Conceived as a landmark for the London 2012 Olympic Games, the sculpture remains a long-term symbol of the games’ legacy at the Queen Elizabeth Olympic Park. Fusing art, architecture and engineering, its unique and challenging form – a continuous, looping lattice of tubular steel – posed fundamental questions to planners, designers and engineers alike.

Incorporating light and vertical transportation into the design without compromising its energy performance and aesthetics created additional challenges. However, Arup created a sophisticated and sustainable sculpture that defies traditional notions of a tower, demonstrating how artists and engineers can collaborate creatively and effectively to deliver major and challenging artworks in public spaces.

Project Summary

114.5m Tall

85mhigh observation platform

A challenging design

We worked closely with the contractors, Sir Robert McAlpine, with construction starting in October 2010 and finishing in May 2012. From the conception of the project, we faced various challenges as design, approval, contract, and procurement activities were carried out in parallel as opposed to sequentially.

The design was led through its conceptual development by using bespoke parametric tools to achieve its challenging form. The tools allowed the team to sculpt and optimise the structural form in real time and produce construction information for the contractor efficiently to a tight deadline. The structure comes together to create a series of interconnected spaces that create a three-dimensional experience for visitors and observers to enjoy


With two observation platforms at 80m and 85m above ground, the ArcelorMittal Orbit was not conceived as just a sculpture but as an attraction that provides a unique perspective of the Olympic Village as well as views of London’s iconic buildings. To reach the viewing platforms, our team integrated a vertical transportation solution as innovative as the design of the structure. Working with our fire engineering specialists, we demonstrated that external lifts could be used for both transporting visitors up to the observation deck and evacuating them in a safely in emergencies. A spiral staircase of 455 steps was also added to descend the structure as an alternative emergency exit route.  

Being invited to collaborate on [the tower] was an irresistible challenge. We want people to forget the engineering, the construction, the materials and simply ‘experience’ it. ” Cecil Balmond former Deputy Chair, Arup

A sustainable and sympathetic structure

As the first public artwork by Anish Kapoor to be lit, the sculpture quickly became a ‘must see’ monument at night. With a variety of modes for different events and times of day, the sculpture was a recognisable symbol of the 2012 Olympic Games.

Sustainability was an important concern, and it was necessary to create a cohesive, energy efficient and aesthetically attuned lighting project. Our team utilised Oasys’ GSA Suite software, an advanced structural analysis tool, which proved to be vital to create a lightweight yet energy-efficient structure. 

Our lighting team chose saturated red LED lighting to accentuate the bespoke red specified by Anish Kapoor for the sculpture, creating maximum theatrical visual impact.
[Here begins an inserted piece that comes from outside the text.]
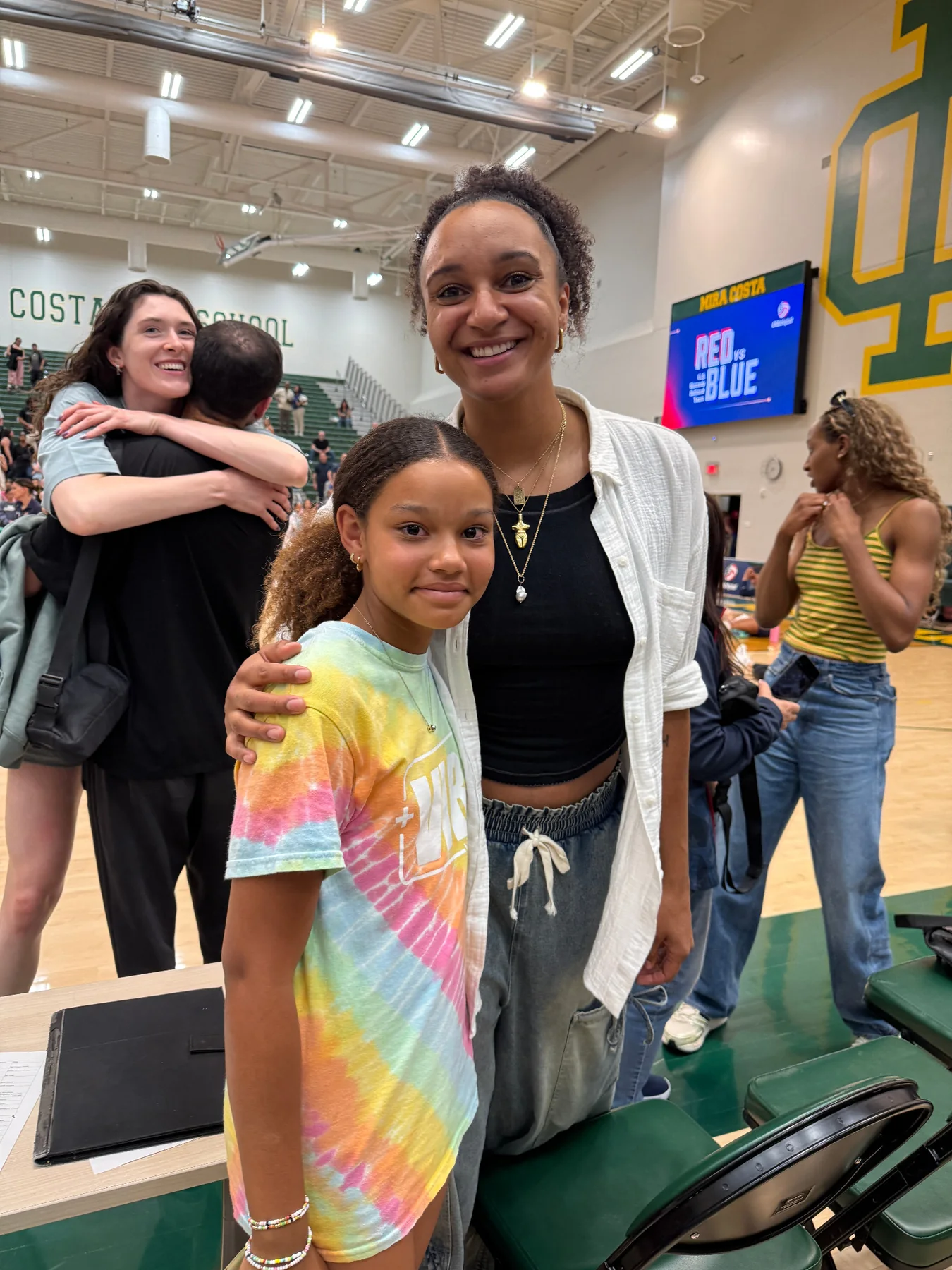 Eva at a volleyball event with an athlete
LEDs emit zero UV light, which would otherwise disturb wildlife in the vicinity such as moths and bats, and the red lights would also consume less energy than a white alternative. 

Working as an integrated team, our lighting designers, structural engineers and architects ensured full compliance with the local regulations. An advanced lighting software was used to analyse and predict the lighting distribution over the sculpture and its surroundings. Projectors were discreetly located within the structure and all cables and wirings were invisible, minimising light spill onto the ecologically sensitive area of the river corridor.

Thanks to its sustainable performance, the structure achieved a BREEAM Excellent rating, leaving a legacy of its commitment to social and environmental sustainability. 

Orbit Sculpture. Credit Thomas Graham Arup Orbit Sculpture. Credit Thomas Graham Arup
The ArcelorMittal Orbit remains a long-term symbol of the London 2012 Olympic Games.